Converted the analyzer device to use ophyd-async.

src/haven/devices/analyzer.py

@@ -1,3 +1,4 @@
+import asyncio
 import logging
 
 from scipy import constants
@@ -7,14 +8,19 @@
 from ophyd import FormattedComponent as FCpt
 from ophyd import PseudoPositioner, PseudoSingle, Signal
 from ophyd.pseudopos import pseudo_position_argument, real_position_argument
+from ophyd_async.core import Device, soft_signal_rw, soft_signal_r_and_setter
 from scipy import constants
 
+from .motor import Motor
+from ..positioner import Positioner
+from .signal import derived_signal_r, derived_signal_rw
+
 log = logging.getLogger(__name__)
 
 um_per_mm = 1000
 
 
-h = constants.physical_constants['Planck constant in eV/Hz'][0]

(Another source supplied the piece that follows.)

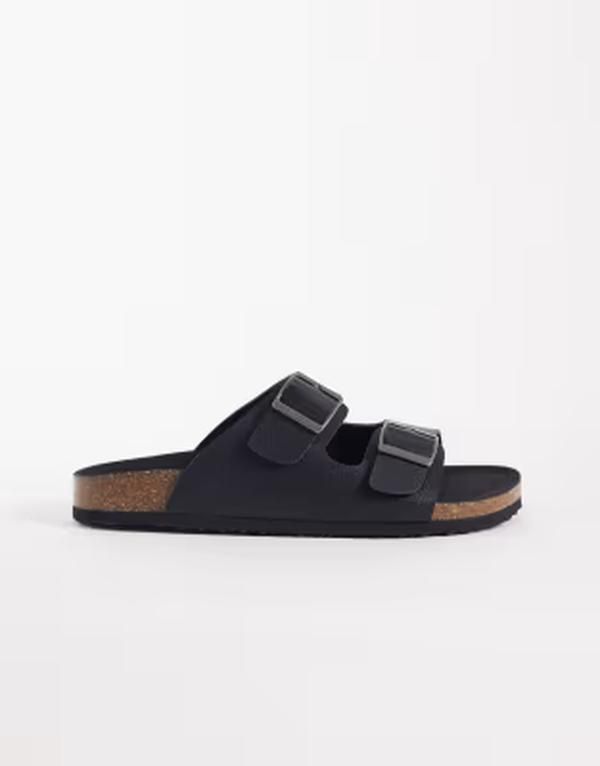 エイソス メンズ シューズ サンダル ASOS DESIGN two strap sandals with cork soles in tumbled Black ブラック
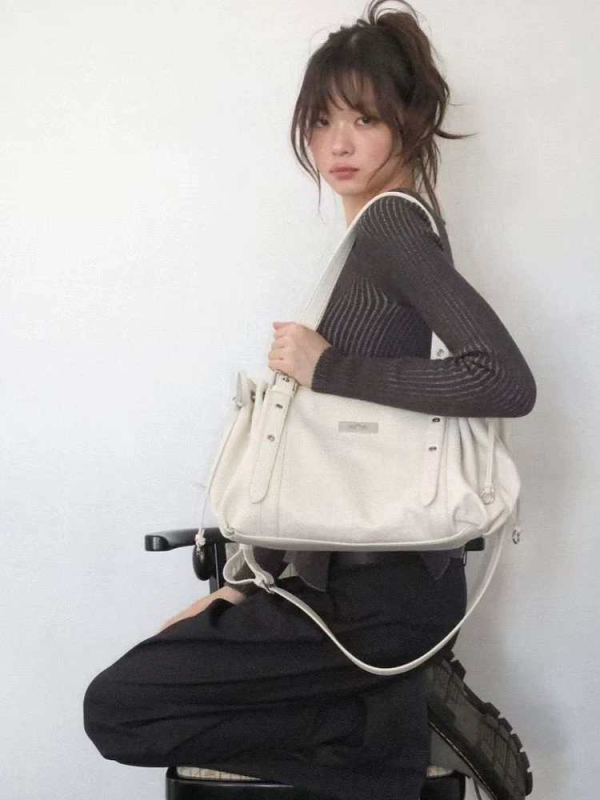 Torba Tote od prave kože, oblik knedle, zatvaranje na munju, unisex stil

+h = constants.physical_constants["Planck constant in eV/Hz"][0]
 c = constants.c
 
 
@@ -101,7 +107,7 @@ def bragg_to_energy(bragg: float, d: float) -> float:
     return energy
 
 
-class Analyzer(PseudoPositioner):
+class Analyzer(Device):
     """A pseudo positioner describing a rowland circle.
 
     Real Axes
@@ -123,64 +129,112 @@ class Analyzer(PseudoPositioner):
 
     def __init__(
         self,
-        x_motor_pv: str,
-        z_motor_pv: str,
-        *args,
-        **kwargs,
+        *,
+        x_motor_prefix: str,
+        z_motor_prefix: str,
+        name: str = "",
     ):
-        self.x_motor_pv = x_motor_pv
-        self.z_motor_pv = z_motor_pv
-        super().__init__(*args, **kwargs)
+        # Create the real motors
+        self.x = Motor(x_motor_prefix)
+        self.z = Motor(z_motor_prefix)
+        # Soft signals for keeping track of the fixed transform properties
+        self.d_spacing = soft_signal_rw(float, units="Å", precision=4)
+        self.rowland_diameter = soft_signal_rw(float, units="mm")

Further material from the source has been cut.